First time user of WU sending more than $500 to Nigeria or Ghana seems pretty reasonable to me. Let alone thousands or tens of thousands.
At the end of the day though, scammers will be scammers and victims will be victims. You can't prevent everything but you can still try harder than WU.
Some people have family in Nigeria or Ghana, and everyone is a first time use once. The whole point of Western Union is sending money to places that don't have a solid banking system.
Asking if they are sure it's not fraud is not necessarily preventing them from using the service. People with family in those areas will presumably know based on the wording that it doesn't apply to them. A notice that the person has to acknowledge seems a fairly innocuous defense mechanism.
I think it is valid to think in terms of expected value here, where value is negative (a loss), since there is a large volume of transactions so the law of large numbers will apply. Set a threshold of expected loss below which you will not flag transactions. Then either very large payments or relatively smaller payments to countries with a higher known percentage of fraudulent transactions will flag a transaction. You can further refine this if for example there is a relationship between observed fraud rate and transaction amount.
If a company profits off of fraudulent transactions and is aware of the fraud, and the attorney general or equivalent stops viewing this as negligence, there is an incentive for the company to encourage this fraud to increase profits.
It is as reasonable as proactively detaining everyone using tatoos or sports clothing.
Correlation does not imply causation.
Ethically, I do not think it is correct to outright flag an entire country. It can be used as one factor, but that in itself is not enough.
Japan for example, a country that is not usually associated with crime, has one of the most profitable crime organizations in the world, the Yakuza. The UK might be where most transactions tied to money laundering are conducted, and so on so forth. In the grand scale of things, Nigerians are in a lower order of magnitude when it comes to dirty money.
Fraud detection, at scale, takes not one or two but many factors in consideration. That would produce a level of confidence that will translate into a suggested action. If the confidence is high, a fraud detection system will take an action without human intervention. If the confidence is low, a human needs to intervene and take action.
You are confusing legal restrictions specifically set up to limit the power of the state with tools every company will use to limit fraud.
For example, you speak of "presumption of innocence" and "burden of proof" as "core concepts of our justice system". These are only core concepts of our criminal justice system; our civil justice system has very different rules for burden of proof, for example.
Some countries have much, much higher percentage of fraudulent transactions than other countries, and it's perfectly reasonable for Western Union to use country of origin as a factor in raising the fraud red flag.
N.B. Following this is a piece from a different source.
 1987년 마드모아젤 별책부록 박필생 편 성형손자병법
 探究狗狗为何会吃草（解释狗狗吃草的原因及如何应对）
Western Union doesn't have the power to arrest anybody, and they have no reason to "presume innocence" for any one of their customers. If anything, when it comes to monetary transfers, I think it's safer to "presume guilt", that is assume all transactions have reason to be fraudulent, and then only let transactions through if you have strong reason to believe they are not fraudulent.
The burden of proof is still on the party forwarding an accusation in civil cases. Presumption of innocence still holds in civil cases.
Presumption of innocence is even in the UN universal declaration of human rights.
What is considered burden of proof would be different, but it is still responsibility of the person forwarding the accusation. What you describe would be an accusation through "probable cause", described as reasonable grounds to conduct a search or investigation.
That being said I think country of origin are not reasonable grounds. Could be an individual sending money home, could be a merchant, could be anything.
> Presumption of innocence still holds in civil cases.
This is just flat out, 100% wrong. Mainly because "innocence" and "guilt" aren't even concepts that apply in civil cases.
All of your responses still seem to assume that businesses somehow have the same level of responsibilities and restrictions of a government, and that is just not true.
It matters less what the ratio of bad actors to population is, and more what the ratio of bad actors to legitimate orders is. In the examples I mentioned above, they were seeing hundreds, perhaps thousands of bad orders without seeing any genuine ones. From countries with known issues of trafficking stolen goods.
The truly genuine customers can contact the company directly and deal with them directly, rather than buying through a site.
When your per-capita GDP is a few dollars a day, the odds that the order for a multi-thousand-dollar consumer electronics item is genuine gets awfully close to zero.
You call it discrimination against an entire country, I call it a sensible policy for a seller to enact. If you'd like to volunteer to police these fraudulent purchases, I'm sure they'd appreciate the help, but when you have an entire department that spends most of its time dealing with orders from two countries, orders which almost always turn out to be fraud, the most sensible way forward becomes nearly self-evident.
As others have mentioned, you seem to draw no distinction between constraints on governments, justice systems, and private policy determined by individuals and companies. I think until you stop confusing the two concepts (and the vocabulary thereof), you'll have a difficult time persuading anyone to come around to your thinking. (To say nothing of forming a coherent ethical argument for why you think this is some great injustice and what possible solutions might be.)
What are the attributes of the source object that we need to determine if it's suspicious? That's the hard part.